TrainingPipeline¶

class pyraug.pipelines.TrainingPipeline(data_loader=None, data_processor=None, model=None, optimizer=None, training_config=None)[source]¶

This Pipeline provides an end to end way to train your VAE model. The trained model will be saved in output_dir stated in the TrainingConfig. A folder training_YYYY-MM-DD_hh-mm-ss is created where checkpoints and final model will be saved. Checkpoints are saved in checkpoint_epoch_{epoch} folder (optimizer and training config saved as well to resume training if needed) and the final model is saved in a final_model folder. If output_dir is None, data is saved in dummy_output_dir/training_YYYY-MM-DD_hh-mm-ss is created.

Parameters

data_loader (Optional[BaseDataGetter]) – The data loader you want to use to load your data. This is usefull to get the data from a particular format and in a specific folder for instance. If None, the ImageGetterFromFolder is used. Default: None.
data_processor (Optional[DataProcessor]) – The data preprocessor you want to use to preprocess your data (e.g. normalization, reshaping, type conversion). If None, a basic DataProcessor is used (by default data is normalized such that the max value of each data is 1 and the min 0). Default: None.
model (Optional[BaseVAE]) – An instance of BaseVAE you want to train. If None, a default RHVAE model is used. Default: None.
optimizer (Optional[Optimizer]) – An instance of Optimizer used to train the model. If None we provide an instance of Adam optimizer. Default: None.
training_config (Optional[TrainingConfig]=None) – An instance of TrainingConfig stating the training parameters. If None, a default configuration is used.

Note

If you did not provide any data_processor, a default one will be used. By default it normalizes the data so that the max value of each data equals 1 and min value 0.

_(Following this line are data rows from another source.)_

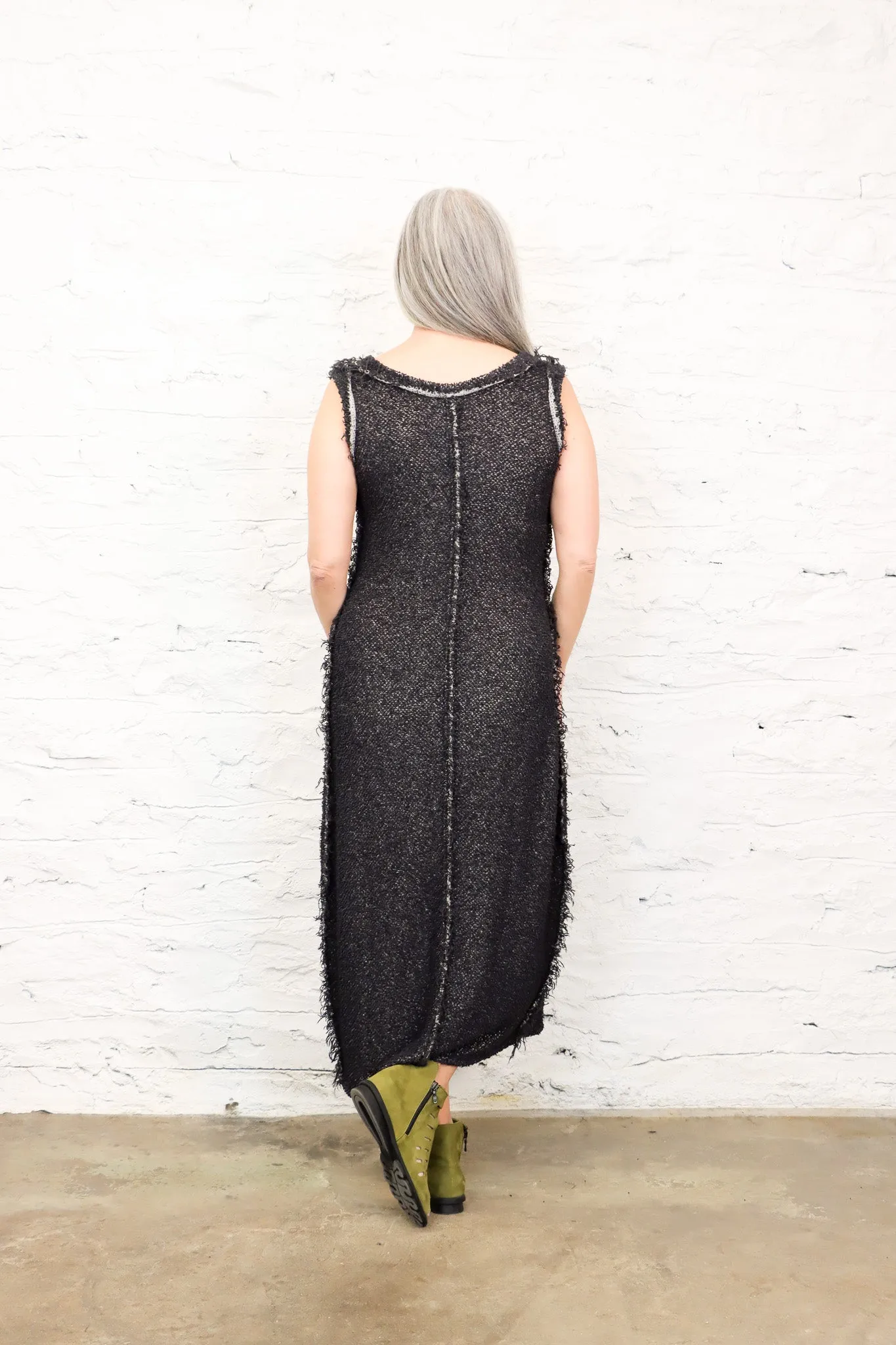 Kedziorek 5092 Dress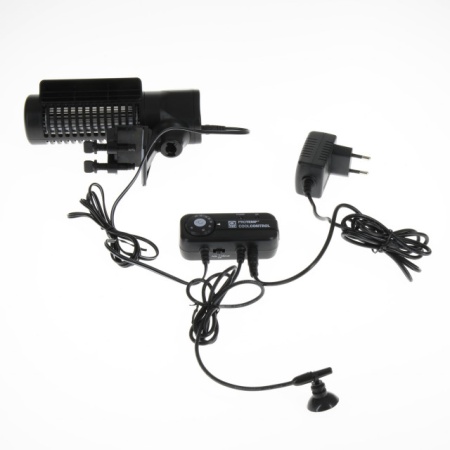 Controler ventilator acvariu, JBL ProTemp CoolControl - Img 4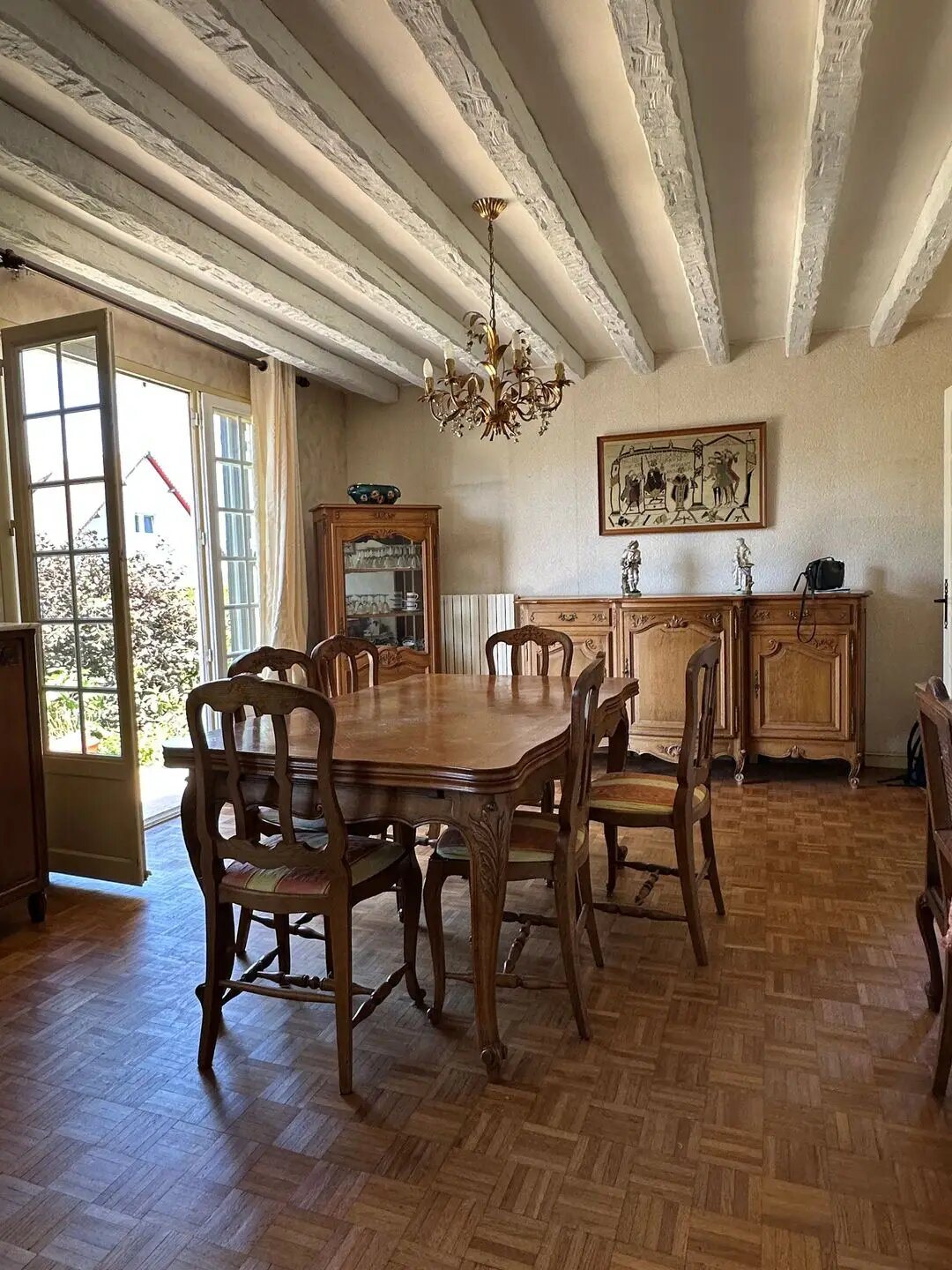 Maison à vendre, 100m², Trouville-sur-Mer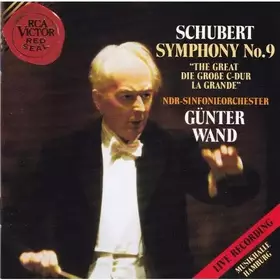 Couverture du produit · Symphony No. 9
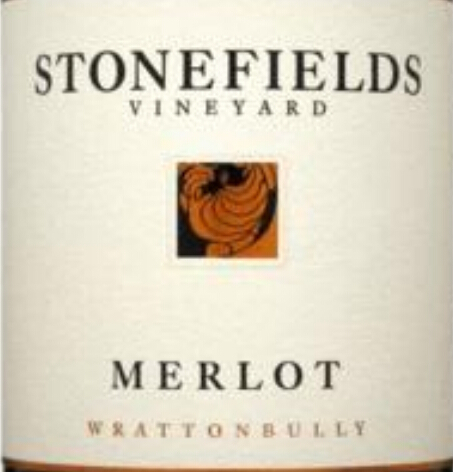 塔拉维拉园岩海系列梅洛干红Tallavera Grove Stonefields Merlot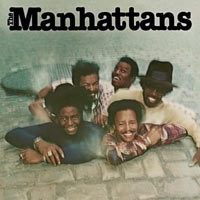 The Manhattans The Manhattans артикул 6657b.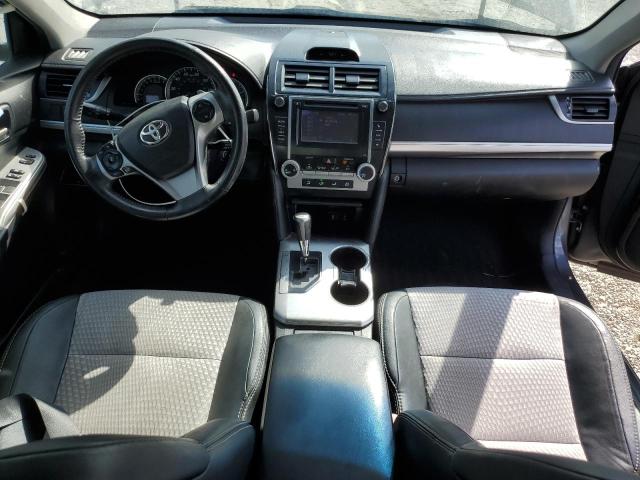 Photo 8 from auction – 2012 TOYOTA CAMRY BASE with VIN 4T1BF1FK0CU158028
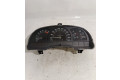 Панель приборов 87001219, 25063529   Opel Astra F       
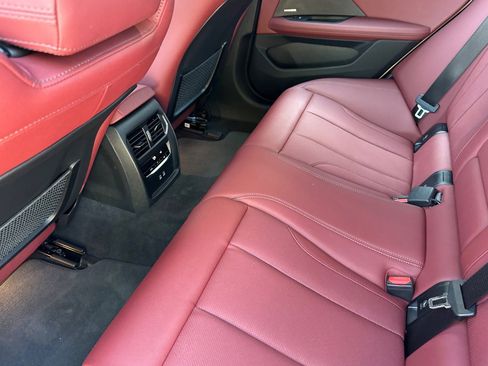 Used 2023 BMW i4 eDrive35 w/ Premium Package RWD image 15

__call__(train_data, eval_data=None, log_output_dir=None)[source]¶

Launch the model training on the provided data.

Parameters

training_data (Union[str, ndarray, Tensor]) – The training data coming from a folder in which each file is a data or a numpy.ndarray or torch.Tensor of shape (mini_batch x n_channels x data_shape)
eval_data (Optional[Union[str, ndarray, Tensor]]) – The evaluation data coming from a folder in which each file is a data or a np.ndarray or torch.Tensor. If None, no evaluation data is used.